II

 

En la consulta de un médico, en Kearny Street había tres hombres sentados junto a una mesa, bebiendo ponche y fumando. Era ya bastante tarde, casi la medianoche, y desde luego que el ponche no había faltado. El más solemne de los tres era el doctor Helberson, que era el anfitrión, pues se encontraban en sus habitaciones. Tenía unos treinta años; los otros eran más jóvenes, aunque todos eran médicos.

—El temor supersticioso con que los vivos consideran a los muertos es hereditario e incurable —decía el doctor Helberson—. Uno no tiene por qué avergonzarse de eso, como tampoco debería hacerlo por el hecho de heredar, por ejemplo, una incapacidad para las matemáticas o la tendencia a mentir.

Los otros dos se echaron a reír.

—¿No debería un hombre avergonzarse de ser mentiroso? —preguntó el más joven de los tres, que en realidad era un estudiante de medicina que todavía no se había graduado.

—Mi querido Harper, yo no he dicho nada semejante. Una cosa es la tendencia a mentir y otra el hecho de hacerlo.

—¿Pero piensa usted que ese sentimiento supersticioso, ese miedo a los muertos, tan irracional como nos parece, es universal? —intervino el tercer hombre—. No soy consciente de tenerlo.

—Ah, pero pese a todo está «en su sistema» —contestó Helberson—. Sólo requiere de las condiciones adecuadas —lo que Shakespeare llama «la estación confederada»— para manifestarse de alguna manera muy desagradable que le abra los ojos. Aunque desde luego los médicos y los soldados están más liberados que los demás de ese miedo.

—¡Los médicos y los soldados! ¿Por qué no añadir a los decapitadores y los verdugos de la horca?

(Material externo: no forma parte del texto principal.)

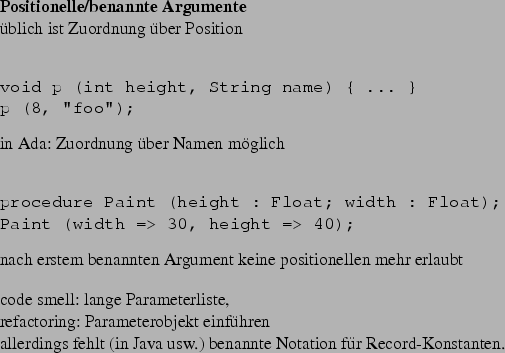 \begin{frame}[fragile,environment=slide]
\frametitle{Variable Argumentanzahl (C)...
...printf
(__const char *__restrict __format, ...);\end{verbatim}
\par\end{frame}
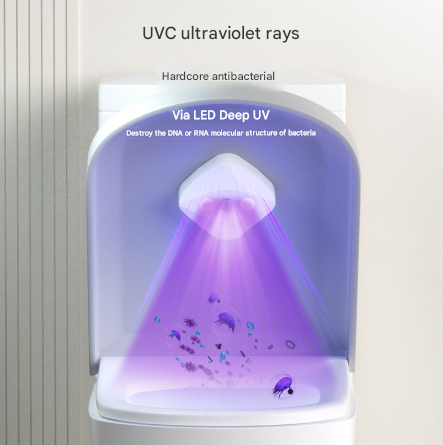 2 Pcs White Automatic UVC Toilet Sanitizer Light - Rechargeable Portable Sterilizer for Bathroom Hygiene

Añadamos a todos los grupos de asesinos.

—No, mi querido Mancher; los jurados no permiten que los verdugos públicos lleguen a adquirir una familiaridad suficiente con la muerte como para no sentirse en absoluto conmovidos por ella.

El joven Harper, que había ido junto a una mesa de servicio para coger un nuevo cigarro, volvio a su asiento.

—¿Cuáles consideraría usted que son las condiciones bajo las que cualquier hombre nacido de mujer llegaría a tener una conciencia insoportable de compartir a este respecto nuestra debilidad común? —preguntó con un exceso, quizás, de verbosidad.

—Bien, diría que si un hombre se encontrara una noche entera encerrado con un cadáver, a solas, en una habitación oscura de una casa vacía, sin cobertores de cama con los que taparse la cabeza, y pasara por todo ello sin enloquecer totalmente, podría jactarse entonces de no haber nacido de mujer ni ser tampoco, como Macduff, un producto de la cesárea.

—Pensé que no terminaría nunca de añadir condiciones —intervino Harper—. Pues conozco a un hombre que no es ni médico ni soldado y que las aceptaría todas por cualquier apuesta que quisieran ustedes hacer.

—¿De quién se trata?

—Se llama Jarette: aquí es un desconocido; procede de la misma ciudad que yo, en el estado de Nueva York. Carezco de dinero para apoyarle en la apuesta, pero él mismo la sostendrá con todo lo que haga falta.

—¿Cómo sabe eso?

—Antes preferiría apostar que comer. Y en cuanto al miedo... me atrevo a decir que opina que es algún trastorno cutáneo, o quizás un tipo particular de herejía religiosa.

—¿Qué aspecto tiene? —preguntó Helberson que, evidentemente, se estaba interesando por el asunto.

—Se parece a Mancher... hasta podría ser su hermano gemelo.

—Acepto el desafío —respondió de inmediato Helberson.

—¿Porque se parece a mí? Muy agradecido por el cumplido —dijo Mancher arrastrando las palabras, pues tenía cada vez más sueño—. ¿Puedo intervenir?

—No contra mí —contestó Helberson—. No quiero ganar su dinero.

—De acuerdo —replicó Mancher—. Entonces yo seré el cadáver.

Los otros se echaron a reír.

El resultado de aquella loca conversación, ya lo hemos visto.